# Coopers dark ale hops suggestions?



## Micks_Yeast

Hello, I would like to know what the most common hops I could use for the dark ale (I will be dry hopping) and has anyone got tasty recipes for this malt extract? 

I'm from the central coast NSW so if there is something easy to get my hands on any info would be greatly appreciated.


----------



## Only1MADMaN

Hi there MICK. 

Just noticed that no one has replied to your post and thought I’d offer my very limited suggestions. 

I’ve been brewing for 4 months so I’m still very green when it comes to the tech side of things but here is something I found. 

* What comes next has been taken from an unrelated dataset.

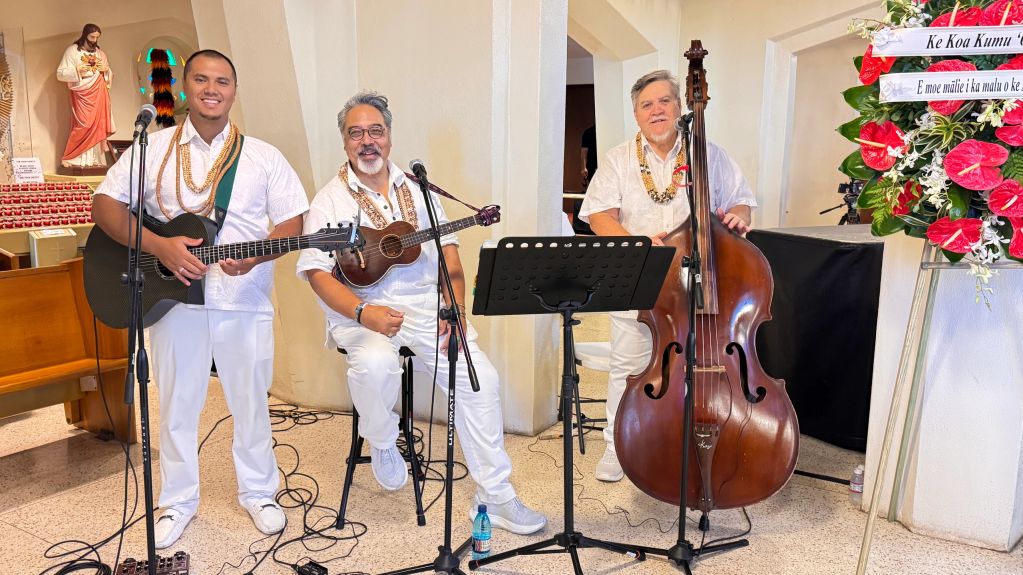 Three musicians in white playing string instruments indoors.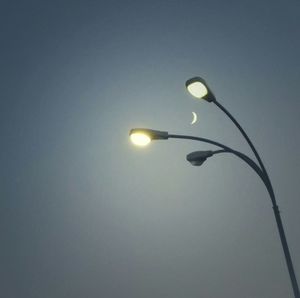 Low angle view of street light against sky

I’m thinking of this kit but using the Coopers Dark Ale instead. 
Replacing the 1KG LME for a 1KG DME 
No crystal malt grain.

Do a 10L kettle 30min boil 
At boil, roll off to about 80 degrees and add the DME and 250g golden Syrup while stirring it in. 
5 min mark add 15g (or more) Fuggle hops. 
Flame out at 1min
Cool as quick as possible (down to about 25-30 degrees) and into your fermenter. 
Store some water in the fridge overnight to use when cooling the wort. 

Dry hop a further 15g Fuggle at about day 4 and do a gravity test on day 7 should be good to bottle on day 8. 

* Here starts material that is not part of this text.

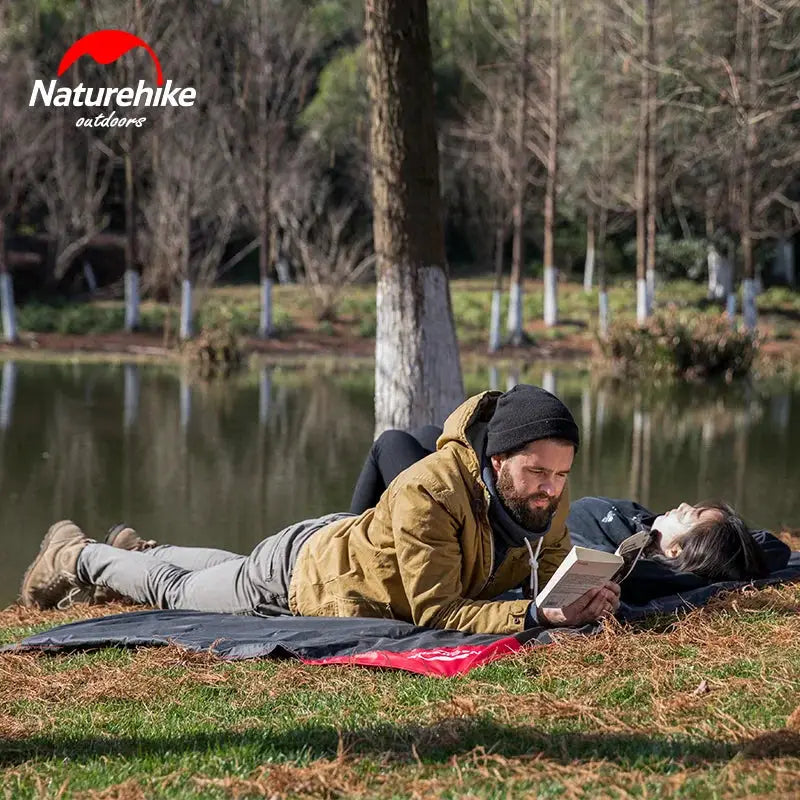 Naturehike pocket beach mat with logo visible on grass beside a pond; couple relaxing.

Like I said. I haven’t done this one or tasted it’s clone beer. 

Good luck.


----------



## doithuong

Good. Thanks for your sharing recipe


----------



## carrobrew

Only1MADMaN said:


> Hi there MICK.
> 
> Just noticed that no one has replied to your post and thought I’d offer my very limited suggestions.
> 
> I’ve been brewing for 4 months so I’m still very green when it comes to the tech side of things but here is something I found.
> 
> View attachment 115456
> 
> 
> I’m thinking of this kit but using the Coopers Dark Ale instead.
> Replacing the 1KG LME for a 1KG DME
> No crystal malt grain.
> 
> Do a 10L kettle 30min boil
> At boil, roll off to about 80 degrees and add the DME and 250g golden Syrup while stirring it in.
> 5 min mark add 15g (or more) Fuggle hops.
> Flame out at 1min
> Cool as quick as possible (down to about 25-30 degrees) and into your fermenter.
> Store some water in the fridge overnight to use when cooling the wort.
> 
> Dry hop a further 15g Fuggle at about day 4 and do a gravity test on day 7 should be good to bottle on day 8.
> 
> Like I said. I haven’t done this one or tasted it’s clone beer.
> 
> Good luck.


Newcastle brew shop recipe?


----------



## steamboat willy

Fuggles is good,

Willamette is also a good one to use in black beers, I have used it in kit beers to try to get something close to a tooheys old type of flavour


----------